*** Opening Dataset section ***

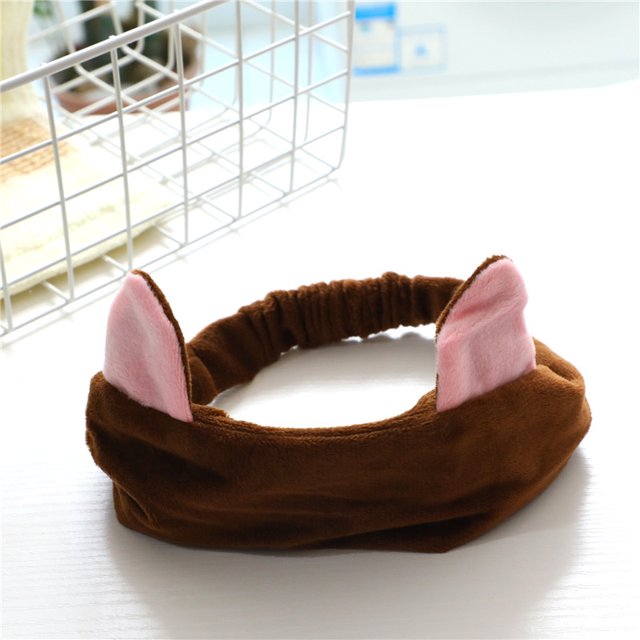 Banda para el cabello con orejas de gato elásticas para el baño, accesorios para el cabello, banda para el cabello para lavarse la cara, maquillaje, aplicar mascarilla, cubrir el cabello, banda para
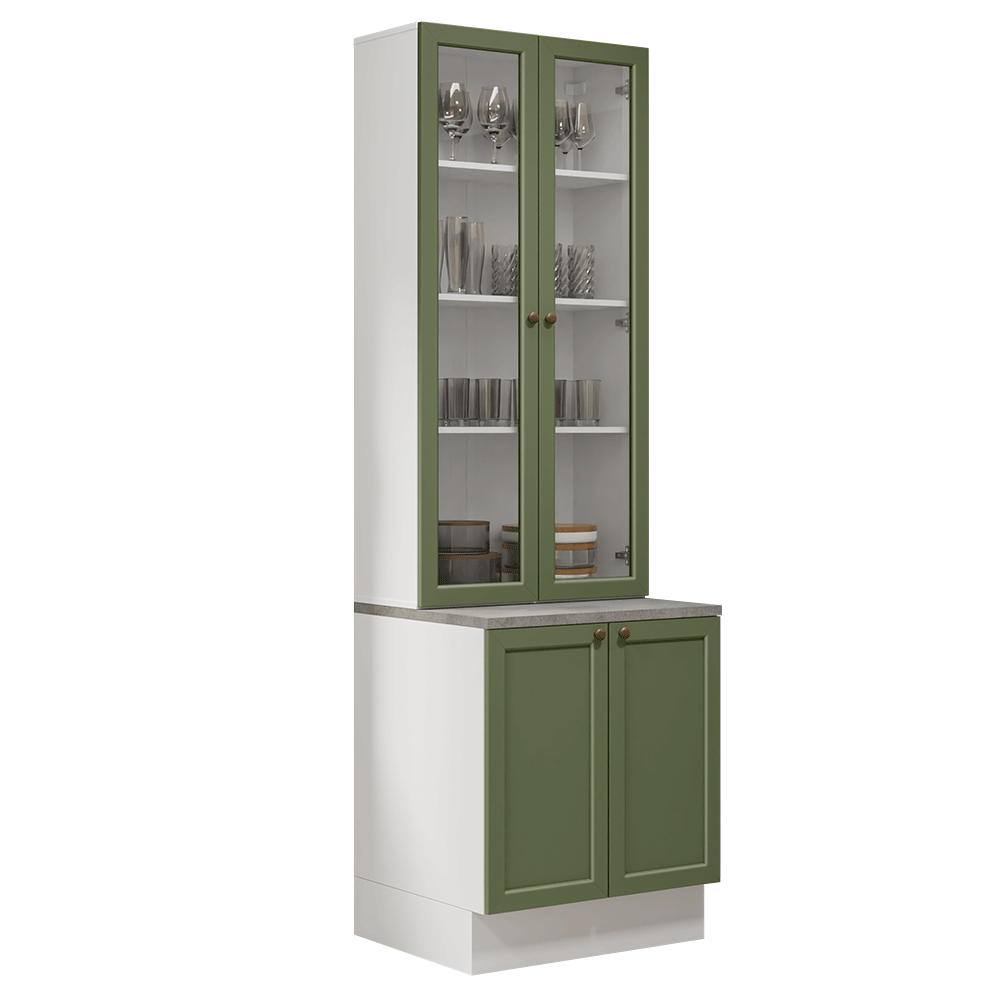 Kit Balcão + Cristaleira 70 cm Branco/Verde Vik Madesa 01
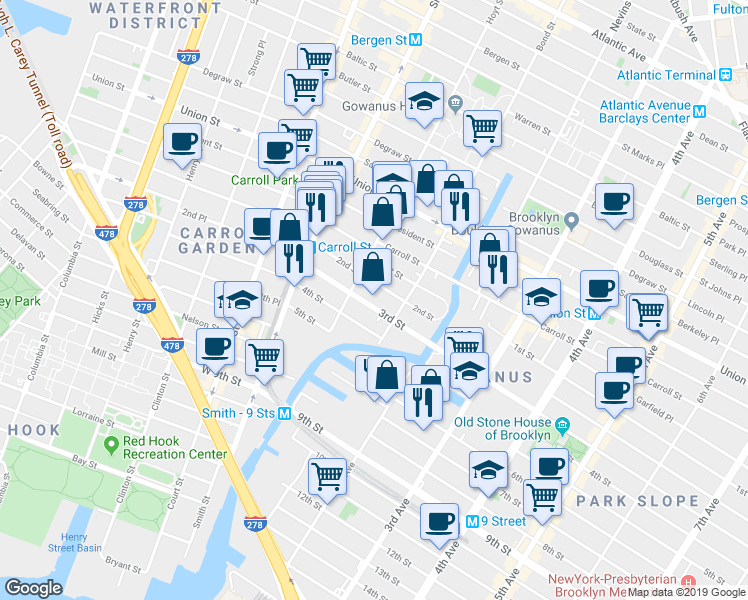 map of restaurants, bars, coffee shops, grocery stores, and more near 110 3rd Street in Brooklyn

*** Closing Dataset section ***

I need the lines from the line holding "Kit Balcão +" through the end of the material, inclusive, restated word for word and without pictures.

 Kit Balcão + Cristaleira 70 cm Branco/Verde Vik Madesa 01
 map of restaurants, bars, coffee shops, grocery stores, and more near 110 3rd Street in Brooklyn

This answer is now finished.